Q: If the investment bank with which I have a brokerage account filed for bankruptcy, would I still be able to get at my stocks, money markets, etc? Or would they be subject to a stay and hence my assets [made] illiquid or, even worse, [lost]? I have assets with a major foreign bank with a presence in the US. After seeing how close Bear Stearns came to bankruptcy, it's easy to conceive of a situation in which a foreign company doesn't get a federal or home government bailout.
J.N., via e-mail
A: If you have a brokerage account, your stocks, funds, and other such investments belong to you, not the broker, says Stephen Roberts, an attorney in Austin, Texas. A bankruptcy of a brokerage firm doesn't change this. So your assets are legally protected and your right to obtain your own assets should not be blocked by any bankruptcy.
As a practical matter, Mr. Roberts thinks it's a tougher question whether you can get immediate access to your assets if a brokerage firm fails. While you have the legal right to such access, the brokerage firm must be able to continue functioning. A major concern in the Bear Stearns meltdown was whether the firm could have continued to function and promptly respond to clients' needs in the midst of the possible chaos and confusion of a bankruptcy filing. Some were worried that this fear itself would cause customers to panic and demand that their assets be immediately transferred to other brokerage firm, exacerbating the problem and hastening the meltdown. In fact, Roberts says one reason the Fed intervened was to shore up customer confidence and avoid panic at other brokerage firms by people who share your concerns.
Q: I have the option of investing in a conventional 401(k) or a Roth 401(k).
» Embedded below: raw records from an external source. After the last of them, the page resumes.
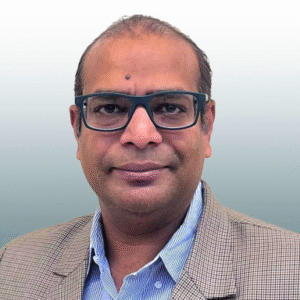 Dr. Agarwal smiles in his headshot.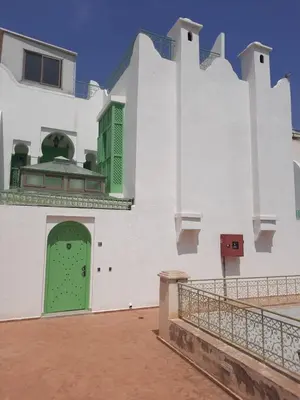 a white building with a green door on it at Casitademama in Sidi Yahia az Zaʼer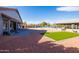 Landscaped backyard with patio and artificial turf at 510 E Desert Hills Estate Dr, Phoenix, AZ 85086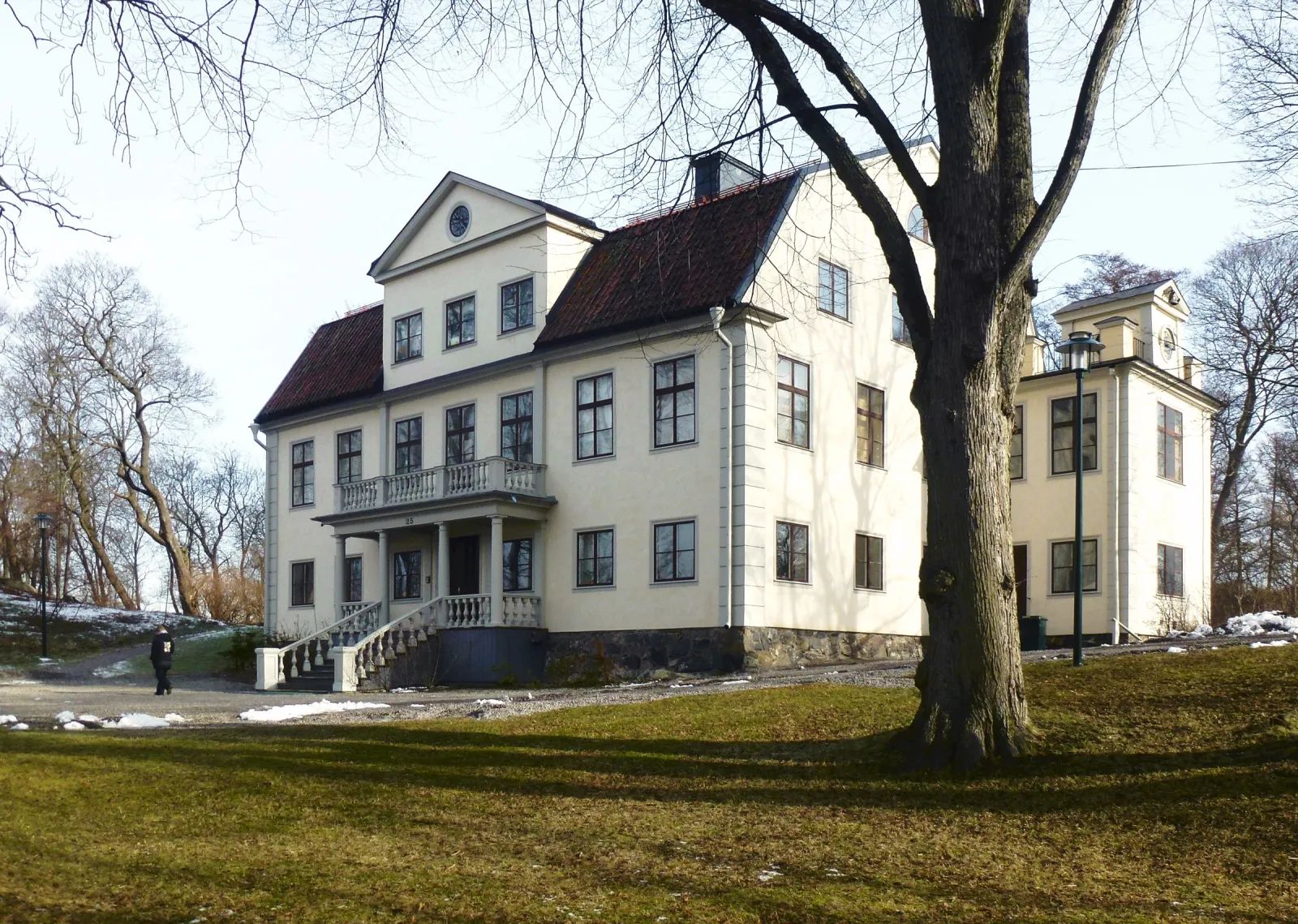 Enskede gårds huvudbyggnad, ett ljust putsat hus i två våningar med fronton och en entréveranda med pelare och balkong. Till höger en tillbyggnad med tornur. Framför står ett stort kalt träd på en gräsmatta med snöfläckar.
My wife also has a conventional 401(k). We both contribute the maximum to our 401(k)s and our Roth IRAs each year. Frequently we are limited by our income as to how much we can put into our IRAs. If I switch some or all of my contributions in my 401(k) to a Roth 401(k), it will likely reduce or eliminate our ability to invest in our Roth IRAs. What is the best strategy to maximize our after-tax retirement income?
P.M., via e-mail
A: Tax-free growth for the life of the Roth account is usually a bigger advantage than a tax deduction in this year only. But Ernest Hathaway, a certified financial planner in Midvale, Utah, sees your situation as unusual.
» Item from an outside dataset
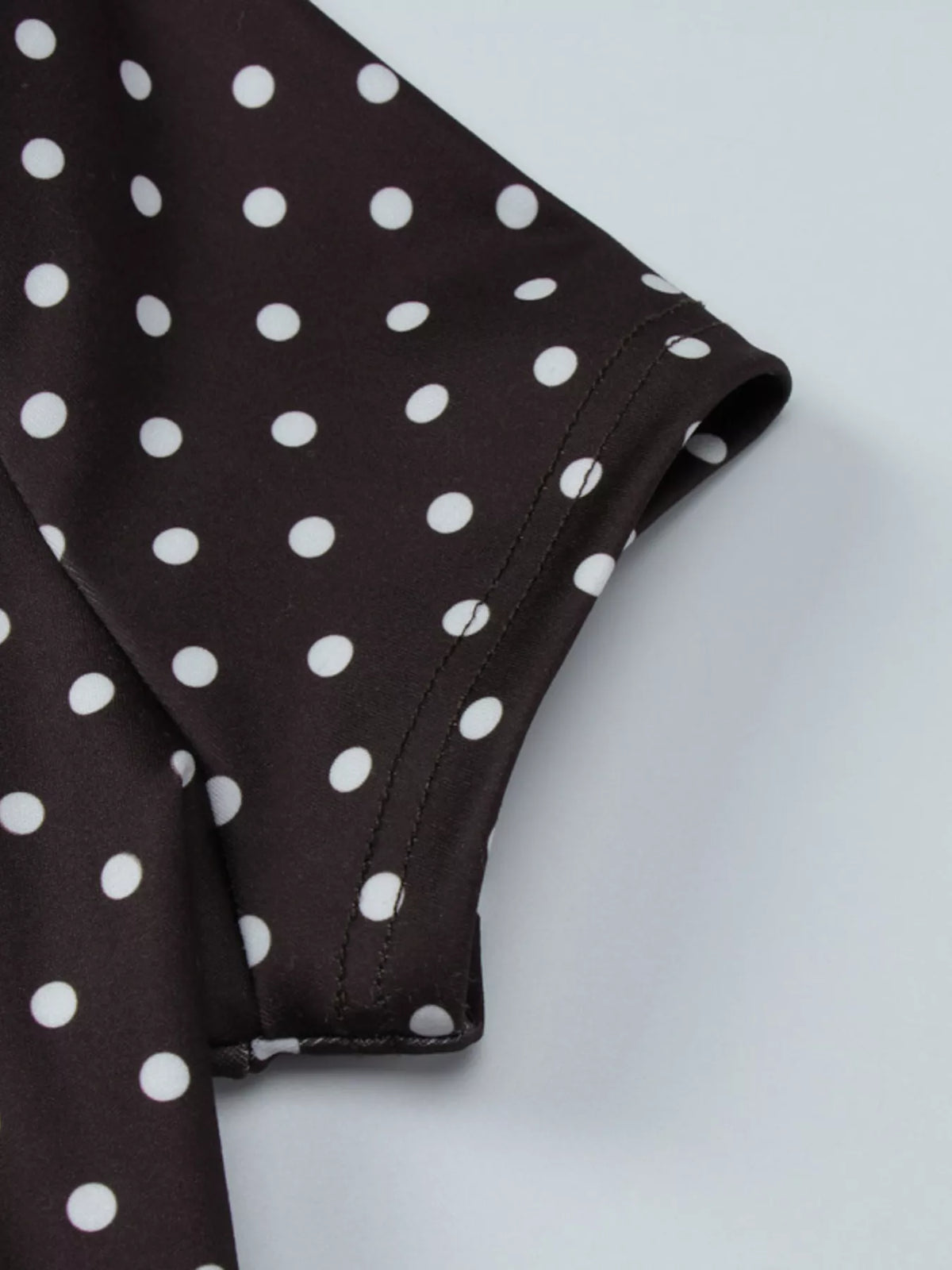 Close up of brown polka dot print fabric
If, by changing your 401(k) contributions to the Roth option, you raise your income above the Roth IRA eligibility threshold (it starts to phase out at $159,000 married/joint for 2008), then you may be doing yourself more harm than good.
His recommendation: Estimate your 2008 income as closely as possible. Make as much of your 401(k) contributions to the Roth option as possible without pushing your income over the threshold. Then make the rest of your 401(k) contributions to the traditional tax-deductible side. And don't forget to fund your individual Roth IRA.